Bu yıl sonunda yüzde 7 olarak hedeflenen enflasyonun yakın zamanda tek haneye inmesi pek mümkün görünmüyor. Ekonominin 2017’de yüzde 7.4 olarak büyüdüğü açıklansa da halk, bu büyümeyi cüzdanında hiç hissedemedi.
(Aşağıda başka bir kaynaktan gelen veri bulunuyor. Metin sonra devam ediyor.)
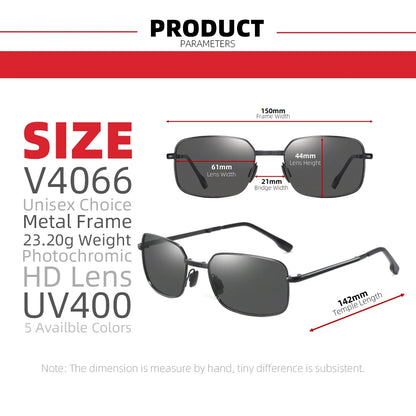 Men's Folding Photochromic Sunglasses with Polarized Lenses - Rectangle Metal Design for Summer 2026 Trends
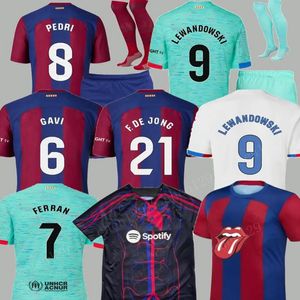 23 24 PEDRI S Soccer Jersey Barcas Gavi Lewandowski FC Ferran Camiseta de Shirt Auba Annullar 2023 2024 Ansu Fati Football Joao Felix Kids Kids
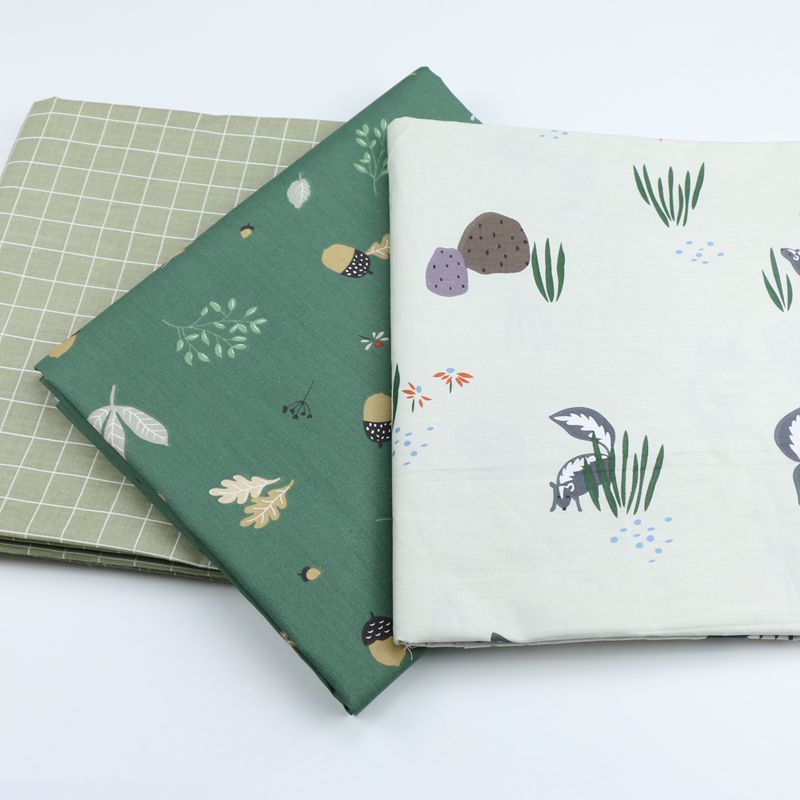 2.35米宽幅全棉布批发 卡通松鼠松果印花布 儿童纯棉床品斜纹面料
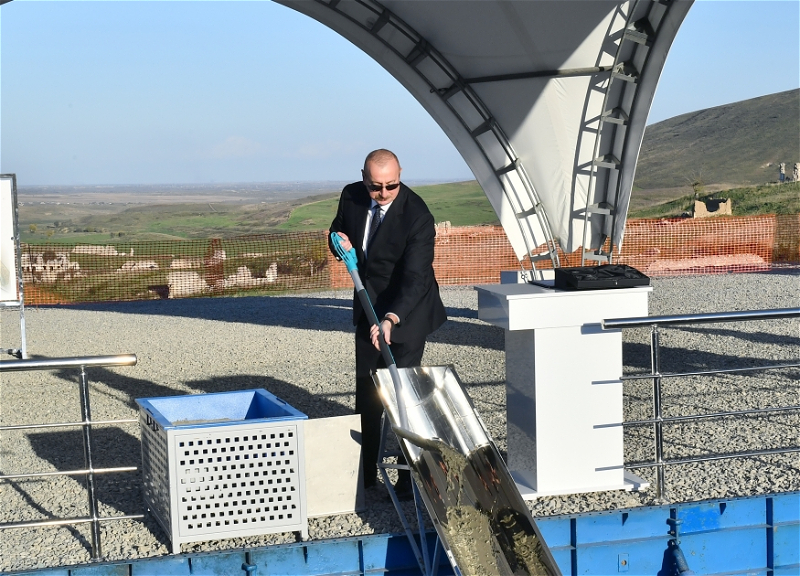 Президент Ильхам Алиев заложил фундамент села Гаргабазар в Физулинском районе - ФОТО
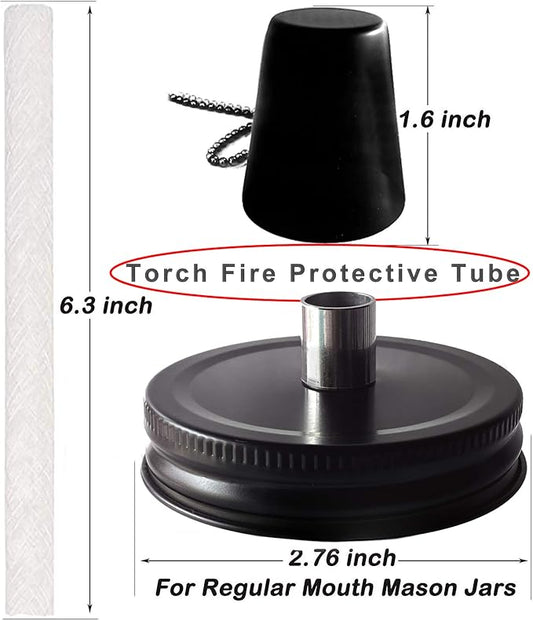 Mason Jar Tabletop Torches Kits,6 Pack Regular Mouth Lids with Protective Tube,Long Life Fiberglass Wicks and Caps,Outdoor Oil Lamp Lights for Patio Garden Camping Decor(Black)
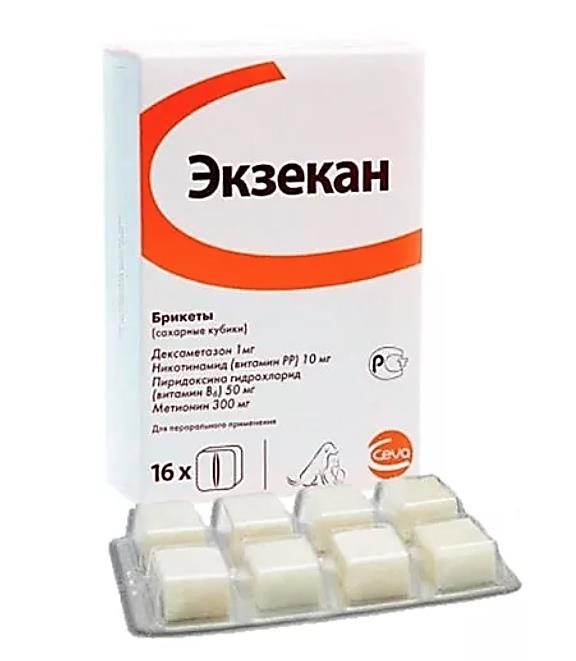 Экзекан сахарные кубики от аллергии для собак, 16 штук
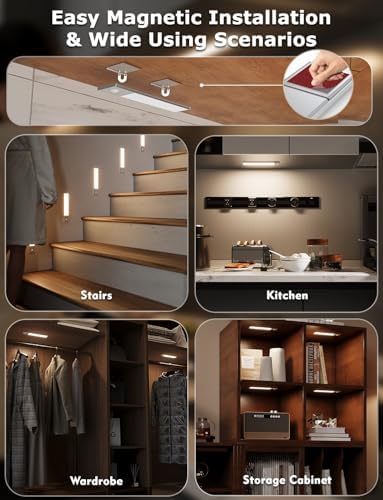 8" Under Cabinet Lighting Wireless, Remote, Motion Sensor, 4Pack, Silver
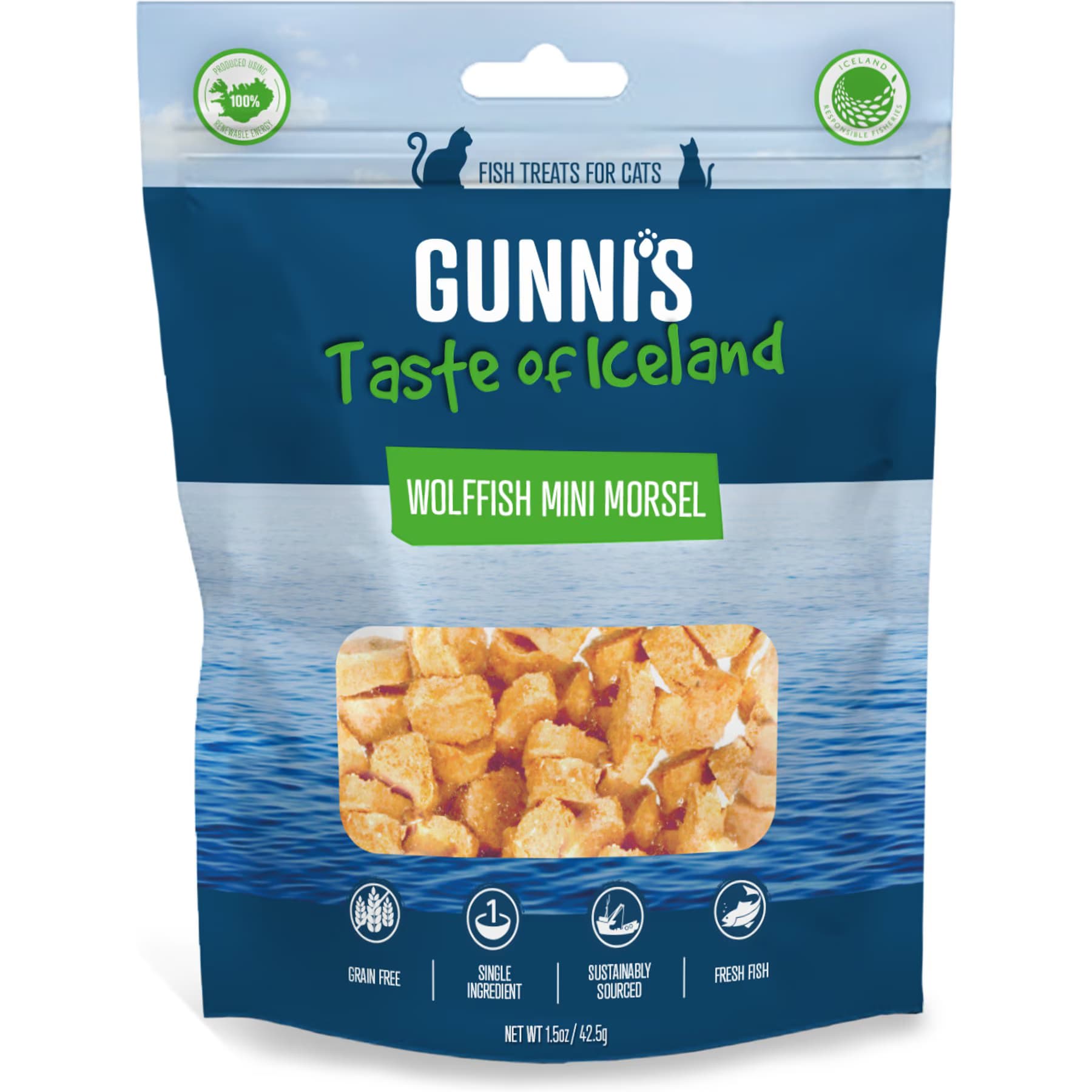 Gunnis Taste of Iceland Gunnis Taste of Iceland Wolffish Mini Morsel Dehydrated Cat Treats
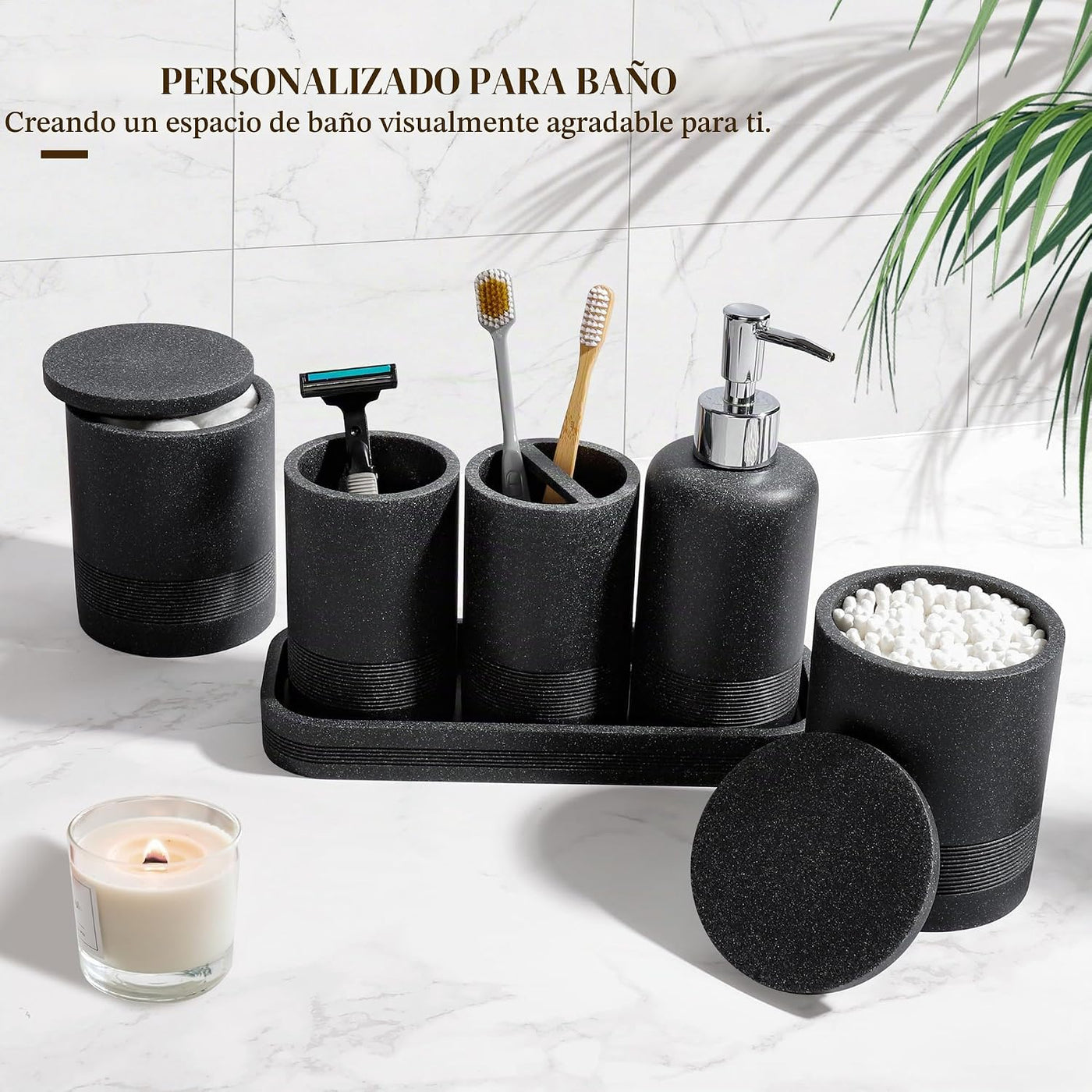 Juego de accesorios de baño, juego de 6 piezas de accesorios de bañ...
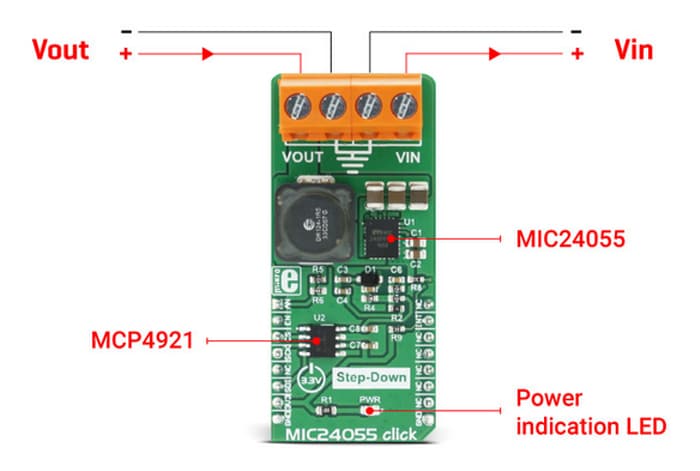 Block Diagram - Mikroe MIKROE-2835 MIC24055 Click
Aksine başta akaryakıt olmak üzere arka arkaya yapılan zamlarla alım gücü daha da azaldı. Mart ayında yüzde 10.23 olarak açıklanan enflasyon, temel ihtiyaç maddelerinde halka en az iki kat olarak yansıdı. Buna bir de işsizlik rakamları eklenince sıkıntılar katlanarak arttı. İstihdamda seferberlik ilan edildiği açıklamasının yansıması sadece kayıtdışı istihdamda gözlenebildi. 2017’de yüzde 10.9 olan işsizlik oranı ocak ayında yüzde 10.8 olarak gerçekleşti.

grafik

CARİ AÇIKTA ALARM

Uluslararası kredi derecelendirme kuruluşu Moody’s’in mart ayında Türkiye’nin notunu “Ba1”den “Ba2”ye düşürüp, not görünümünü de “negatif”ten “durağan”a çevirmesinin en büyük gerekçesi olan cari açık da alarm sinyalleri veriyor. 2017’de 47.17 milyar dolar olan cari açığın sadece şubat ayında 2.57 milyar dolar gelmesi, yıl sonundaki yüzde 4.3’lük açık hedefine ulaşmayı imkansız kılıyor. Erken seçimle birlikte önceki gün serbest piyasada 4.02 TL’ye kadar gerilemiş olsa da yine de yıl sonunda doların 3.73 TL olması ise pek mümkün görünmüyor.